Tushar GuptaSep 12, 2018, 01:23 PM | Updated 01:23 PM IST
Joshua Lott/Getty Images

Joshua Lott/Getty Images


Read previous article of the series here.

In 2008, the United States (US) Treasury Secretary Hank Paulson phoned Alan Greenspan, former chairman of the Federal Reserve, to pick his mind on the housing crisis that was shackling the economy. Greenspan, the most powerful banker on Earth for over two decades had a simple suggestion.

He reckoned that there was an excess in housing supply, that is the supply exceeded the demand for the houses, and hence, the US Government should buy up thousands and thousands of houses, and burn them down. He was not joking.

The terrorist attacks of September 11, 2001, had political consequences that changed the face of the Middle East. The events of 9/11 also facilitated a change in the economic structure within the US. Greenspan, who was then the chairman of the Federal Reserve, cut the interest rate from 6.5 per cent to mere 1 per cent in 2003. The lowest in 50 years. Money was being artificially pumped into the economy like never before.

The George Bush administration, after 9/11, to support the war efforts in Afghanistan and Iraq went on a spending spree. Taxes were reduced, especially for the rich, cheap loans were made to boost consumer spending, and national deficit was allowed to increase.

Greenspan’s interest rates had a direct impact on house loans. Due to the reduction in interest rate, monthly mortgage payments for the houses decreased. The same monthly payment that supported a $180,000 loan in 2000 was now able to serve a $245,000 loan in 2003. The American dream of owning a house was made ridiculously cheap.

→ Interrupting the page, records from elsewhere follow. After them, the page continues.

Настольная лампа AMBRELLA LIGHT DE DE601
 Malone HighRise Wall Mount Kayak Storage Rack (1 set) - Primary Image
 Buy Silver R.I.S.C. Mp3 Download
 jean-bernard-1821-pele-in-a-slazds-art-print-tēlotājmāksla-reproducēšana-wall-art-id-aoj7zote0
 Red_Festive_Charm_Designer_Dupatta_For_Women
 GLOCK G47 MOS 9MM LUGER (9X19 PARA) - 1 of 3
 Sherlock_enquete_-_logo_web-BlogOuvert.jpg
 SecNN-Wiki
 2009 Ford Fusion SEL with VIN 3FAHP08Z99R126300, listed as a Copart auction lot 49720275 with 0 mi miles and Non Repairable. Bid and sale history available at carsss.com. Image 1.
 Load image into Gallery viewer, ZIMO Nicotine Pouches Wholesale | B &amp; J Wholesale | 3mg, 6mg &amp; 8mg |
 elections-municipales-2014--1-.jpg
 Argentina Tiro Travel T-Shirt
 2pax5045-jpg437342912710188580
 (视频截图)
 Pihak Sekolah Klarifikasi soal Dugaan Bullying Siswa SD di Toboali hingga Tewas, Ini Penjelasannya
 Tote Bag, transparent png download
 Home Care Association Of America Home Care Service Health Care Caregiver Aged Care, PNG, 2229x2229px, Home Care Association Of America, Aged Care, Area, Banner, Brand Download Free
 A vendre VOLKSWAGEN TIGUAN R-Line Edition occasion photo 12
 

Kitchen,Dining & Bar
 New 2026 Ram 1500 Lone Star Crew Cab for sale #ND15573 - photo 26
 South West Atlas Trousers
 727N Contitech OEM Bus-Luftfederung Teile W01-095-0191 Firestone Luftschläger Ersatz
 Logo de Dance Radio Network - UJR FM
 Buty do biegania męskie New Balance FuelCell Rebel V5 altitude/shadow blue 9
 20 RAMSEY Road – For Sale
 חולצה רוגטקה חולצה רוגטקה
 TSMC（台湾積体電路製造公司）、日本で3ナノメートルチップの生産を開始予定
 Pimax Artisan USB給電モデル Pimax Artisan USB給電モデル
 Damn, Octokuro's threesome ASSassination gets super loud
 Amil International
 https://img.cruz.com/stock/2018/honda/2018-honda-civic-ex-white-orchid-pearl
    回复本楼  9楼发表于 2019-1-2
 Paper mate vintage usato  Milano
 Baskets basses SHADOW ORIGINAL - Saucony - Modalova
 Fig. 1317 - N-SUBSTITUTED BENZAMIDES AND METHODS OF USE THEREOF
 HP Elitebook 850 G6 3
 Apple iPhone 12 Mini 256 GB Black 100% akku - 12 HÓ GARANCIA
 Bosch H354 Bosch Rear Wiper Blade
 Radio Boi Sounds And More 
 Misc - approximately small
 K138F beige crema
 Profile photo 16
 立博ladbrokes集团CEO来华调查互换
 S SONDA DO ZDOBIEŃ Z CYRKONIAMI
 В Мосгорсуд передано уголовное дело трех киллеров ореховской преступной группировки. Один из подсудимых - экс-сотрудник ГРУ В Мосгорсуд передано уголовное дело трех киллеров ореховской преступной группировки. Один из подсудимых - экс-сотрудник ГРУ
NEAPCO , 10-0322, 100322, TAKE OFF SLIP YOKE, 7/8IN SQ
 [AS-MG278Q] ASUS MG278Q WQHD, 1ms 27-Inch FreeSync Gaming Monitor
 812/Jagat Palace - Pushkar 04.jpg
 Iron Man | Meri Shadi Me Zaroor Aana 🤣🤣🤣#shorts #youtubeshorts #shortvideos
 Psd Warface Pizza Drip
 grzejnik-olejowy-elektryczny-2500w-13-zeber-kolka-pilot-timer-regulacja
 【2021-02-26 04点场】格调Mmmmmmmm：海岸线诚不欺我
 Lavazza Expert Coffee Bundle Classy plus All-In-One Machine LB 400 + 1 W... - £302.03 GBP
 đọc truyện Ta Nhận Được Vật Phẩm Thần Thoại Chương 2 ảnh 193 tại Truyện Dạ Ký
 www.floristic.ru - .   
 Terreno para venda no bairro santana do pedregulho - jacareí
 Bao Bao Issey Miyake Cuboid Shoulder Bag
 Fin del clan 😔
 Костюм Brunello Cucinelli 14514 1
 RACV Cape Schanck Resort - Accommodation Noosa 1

What began in the early 2000s converged in September 2008 to become the causality of the Great Recession. It was a drama that had multiple acts, characters from both the private and the government sector, characters that included everyone, from the US Treasury Secretary to a bartender turned mortgage broker thousands of miles away from the Wall Street hustle. There were no heroes in this story.

Act-1: Owning The American Dream and the access to easy home loans

When it comes to lending, the population can be segmented into three parts. One, those who have a good credit history and are believed to be in a position to pay back the loans without defaulting. These are the ones who qualify for loans without any trouble.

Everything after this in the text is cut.